Jeremy Glogan: Adieu to Old England

28 November 2014 - 17 January 2015

Private View: 27 November, 6-9 pm

35 Riding House Street, London W1W 7EA

 

Christine Park Gallery is pleased to present Adieu to Old England, a solo exhibition by London based artist Jeremy Glogan.

 

Adieu to Old England is the name of a traditional folk song, the phrase itself is loaded with nostalgia and as such has ironic potential.

 

The point of reference here in Glogan's use of the title is both to the actual song – a prison ballad recounting the narrator’s current misery amidst memories of a contented and prosperous past – and to folk singer Shirley Collins’ use of the title for her 1974 LP.

 

In 1974 the UK had just joined the EEC; the far right National Front gained more than 10% of the vote in several London council elections; Irish republican bombings were becoming rife on the mainland; Britain entered its first postwar recession and McDonalds opened its first UK ‘restaurant’. It might have appeared that a new England was emerging.

 

In 2014 the UK is possibly on the verge of a major change in its relationship with the EU; a right wing anti-immigration political party is gaining mass acceptance; so called terrorism is never far away; recession and austerity is an ongoing reality; the commodification of everything - heralded by the industrial and economic changes that started in the 1970s - so called Neoliberalism, has now been played out to the point where there appears to be no escape, as if there is no alternative (Capitalist Realism?).

 

Although originating from the working classes and sometimes known as ‘the voice of the people’, the traditional song has also been utilised for establishment and far right propagandist causes.
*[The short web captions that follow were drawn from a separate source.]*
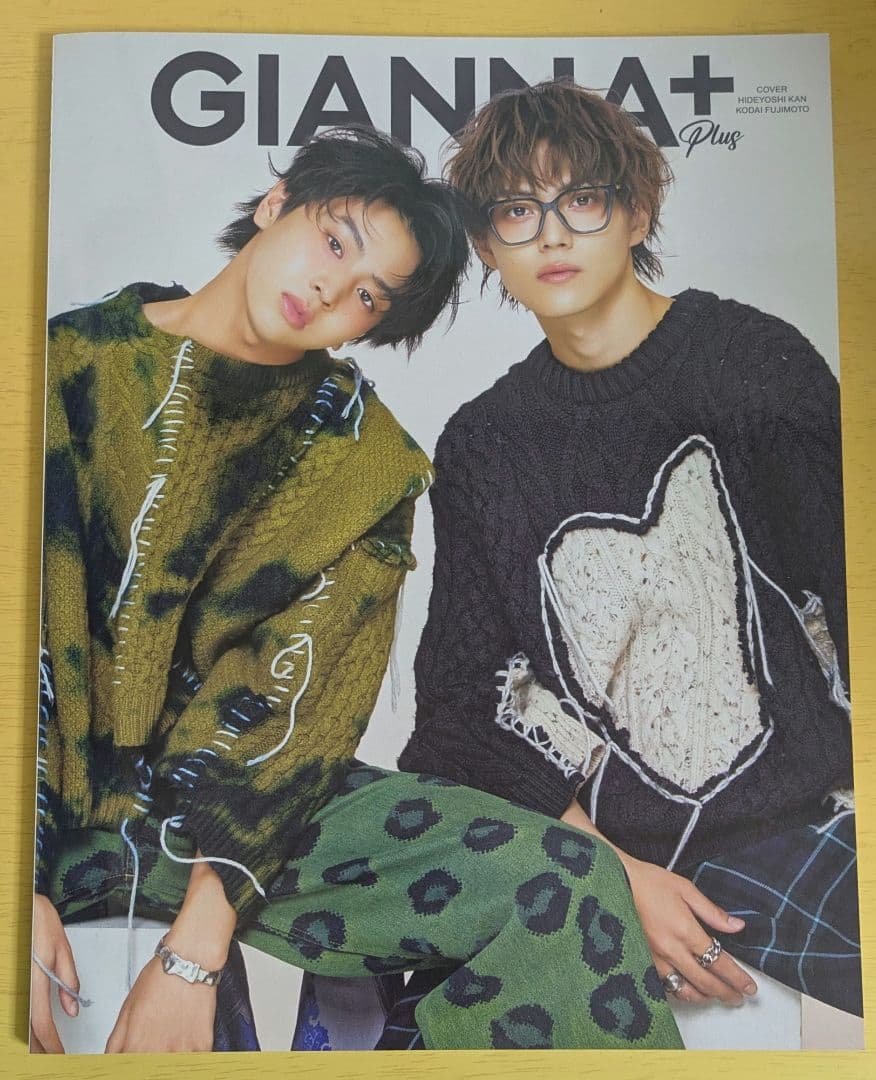 GIANNA+　藤本洸大　簡秀吉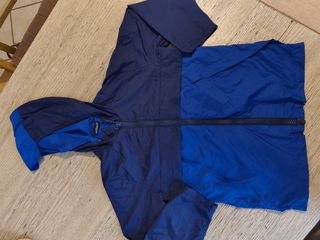 Giubbino impermeabile 6 anni 116cm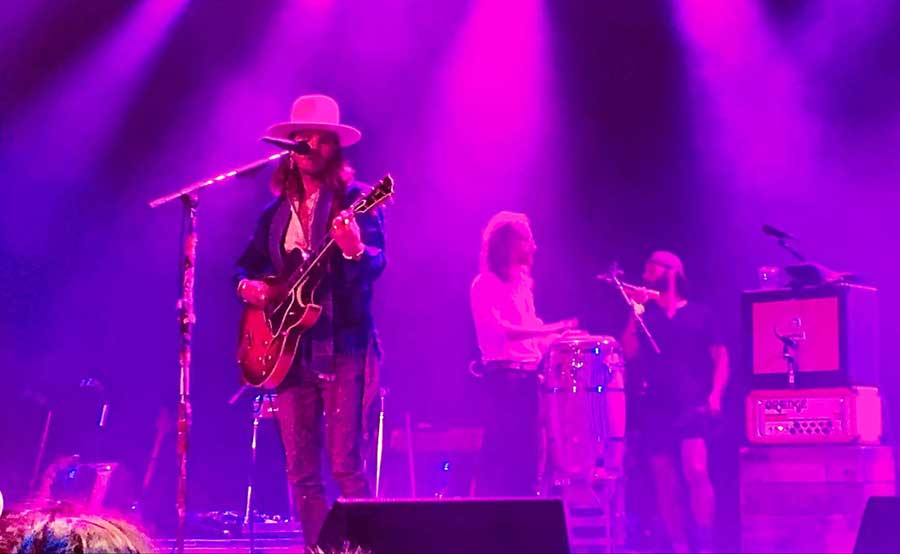 Kaleo performing in The Van Buren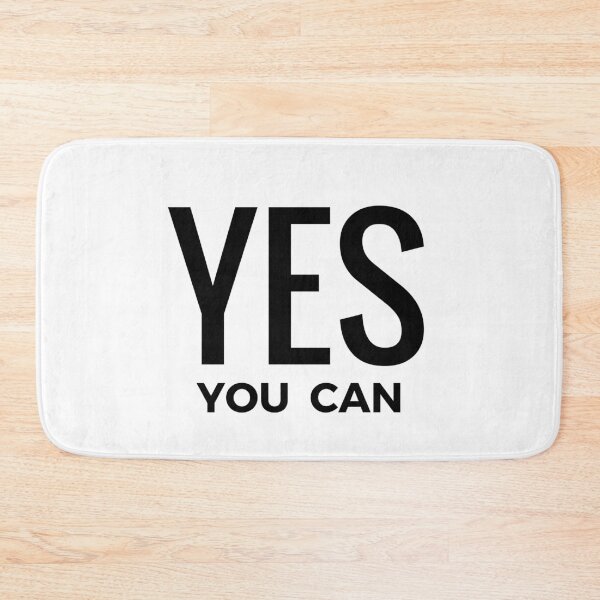Item preview, YES YOU CAN - Empowering quotes designed and sold by Inspirationmotivation.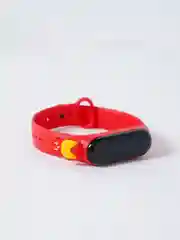Красный детские электронные часы с героями мультфильмов, водостойкие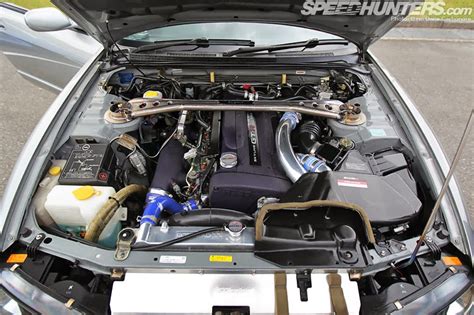 One Man's Lonely Adventures In His R33 Skyline GT-R: Engine Bay ...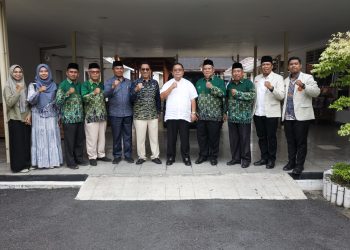 Wali Kota Wesly Silalahi Menyambut Baik Kunjungan Silaturahmi Pengurus PD Muhammadiyah Kota Pematangsiantar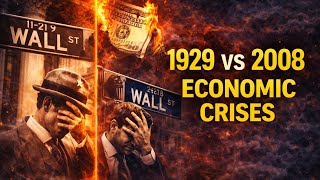 1929 vs 2008: What History Teaches Us About Economic Crises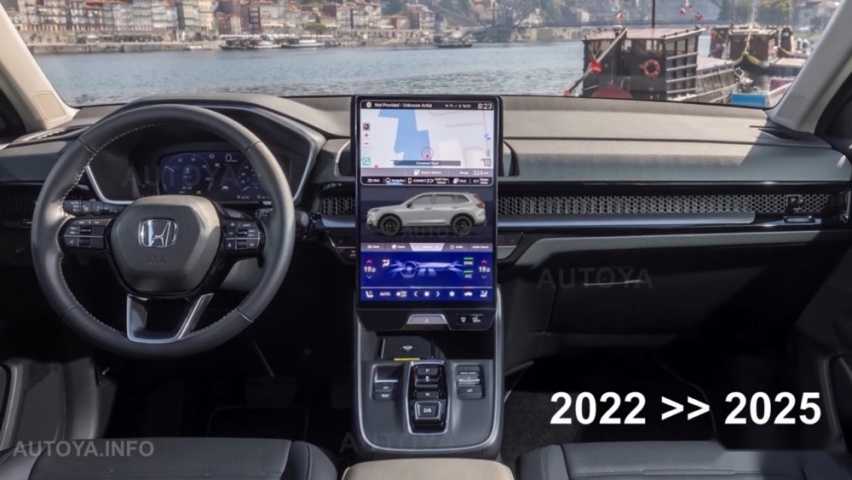 新款本田CR-V大变样？靠着新设计能热销吗插图2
This is enabled by anonymity of authorship, simplicity of melody and sentiment and status as ‘relic’. The traditional song becomes a signifier that can be filled with differing content. So, depending on how it is contextualised more than one ‘old England’ might be perceived: e.g. as a sentimental rose-tinted vision of the past, or as the socially progressive and socially cohesive model of post-war welfare state that did exist but is now slipping through our fingers.

 

Glogan will present two different settings of paintings, each setting has the potential to be differently contextualized under the heading 'Adieu to Old England'. As with previous exhibitions in the last 12 months (They May Now Know Everything But We Will Win, Oechsner Galerie Nuremberg 2013; selfie, Ohio Glasgow 2014; Passive Acceptance of Increasing Oppression, Limazulu London 2014), Glogan sites the work as painting amidst a carefully wrought framework of the subjective and the social.

 

The accompanying poster for the exhibition was designed by the artist Dan Mitchell.